■ Activity ■
Transcribe verbatim the span of lines that opens with the line containing "this 220×124 image." and closes with the last line of the data below.

Dataset entries:

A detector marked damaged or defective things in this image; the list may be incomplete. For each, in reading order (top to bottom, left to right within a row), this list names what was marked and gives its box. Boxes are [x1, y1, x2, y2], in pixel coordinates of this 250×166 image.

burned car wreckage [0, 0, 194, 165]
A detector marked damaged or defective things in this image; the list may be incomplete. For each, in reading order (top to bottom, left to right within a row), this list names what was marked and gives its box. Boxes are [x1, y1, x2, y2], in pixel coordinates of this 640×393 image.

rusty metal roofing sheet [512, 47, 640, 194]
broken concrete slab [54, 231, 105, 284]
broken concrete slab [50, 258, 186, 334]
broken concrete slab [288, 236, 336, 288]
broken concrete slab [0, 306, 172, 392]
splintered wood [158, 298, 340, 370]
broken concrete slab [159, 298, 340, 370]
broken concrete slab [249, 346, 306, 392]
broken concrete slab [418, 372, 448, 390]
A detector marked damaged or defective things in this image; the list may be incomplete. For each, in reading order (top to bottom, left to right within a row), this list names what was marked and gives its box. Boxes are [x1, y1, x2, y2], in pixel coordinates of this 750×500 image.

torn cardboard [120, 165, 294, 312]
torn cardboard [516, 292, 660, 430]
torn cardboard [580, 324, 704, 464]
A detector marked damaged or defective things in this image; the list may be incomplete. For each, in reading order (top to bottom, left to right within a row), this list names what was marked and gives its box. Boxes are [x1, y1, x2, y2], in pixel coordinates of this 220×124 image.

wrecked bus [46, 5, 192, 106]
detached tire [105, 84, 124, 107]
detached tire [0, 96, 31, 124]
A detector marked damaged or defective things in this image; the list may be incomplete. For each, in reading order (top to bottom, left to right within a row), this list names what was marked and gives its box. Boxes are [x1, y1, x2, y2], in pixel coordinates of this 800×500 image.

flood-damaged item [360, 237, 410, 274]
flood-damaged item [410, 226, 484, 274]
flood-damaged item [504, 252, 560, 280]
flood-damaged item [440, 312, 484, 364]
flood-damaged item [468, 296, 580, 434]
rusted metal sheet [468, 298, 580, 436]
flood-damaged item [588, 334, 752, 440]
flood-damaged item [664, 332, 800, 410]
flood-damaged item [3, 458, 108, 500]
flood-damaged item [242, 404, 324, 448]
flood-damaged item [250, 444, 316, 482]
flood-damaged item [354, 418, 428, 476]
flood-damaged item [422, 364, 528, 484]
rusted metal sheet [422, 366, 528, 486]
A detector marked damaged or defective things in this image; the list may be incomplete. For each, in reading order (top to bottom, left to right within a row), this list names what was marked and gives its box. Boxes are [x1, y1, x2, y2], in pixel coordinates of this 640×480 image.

■ Solution for this problem ■
A detector marked damaged or defective things in this image; the list may be incomplete. For each, in reading order (top to bottom, left to right within a row), this list names what was marked and gives its box. Boxes are [x1, y1, x2, y2], in pixel coordinates of this 220×124 image.

wrecked bus [46, 5, 192, 106]
detached tire [105, 84, 124, 107]
detached tire [0, 96, 31, 124]
A detector marked damaged or defective things in this image; the list may be incomplete. For each, in reading order (top to bottom, left to right within a row), this list names what was marked and gives its box. Boxes are [x1, y1, x2, y2], in pixel coordinates of this 800×500 image.

flood-damaged item [360, 237, 410, 274]
flood-damaged item [410, 226, 484, 274]
flood-damaged item [504, 252, 560, 280]
flood-damaged item [440, 312, 484, 364]
flood-damaged item [468, 296, 580, 434]
rusted metal sheet [468, 298, 580, 436]
flood-damaged item [588, 334, 752, 440]
flood-damaged item [664, 332, 800, 410]
flood-damaged item [3, 458, 108, 500]
flood-damaged item [242, 404, 324, 448]
flood-damaged item [250, 444, 316, 482]
flood-damaged item [354, 418, 428, 476]
flood-damaged item [422, 364, 528, 484]
rusted metal sheet [422, 366, 528, 486]
A detector marked damaged or defective things in this image; the list may be incomplete. For each, in reading order (top to bottom, left to right within a row), this list names what was marked and gives its box. Boxes are [x1, y1, x2, y2], in pixel coordinates of this 640×480 image.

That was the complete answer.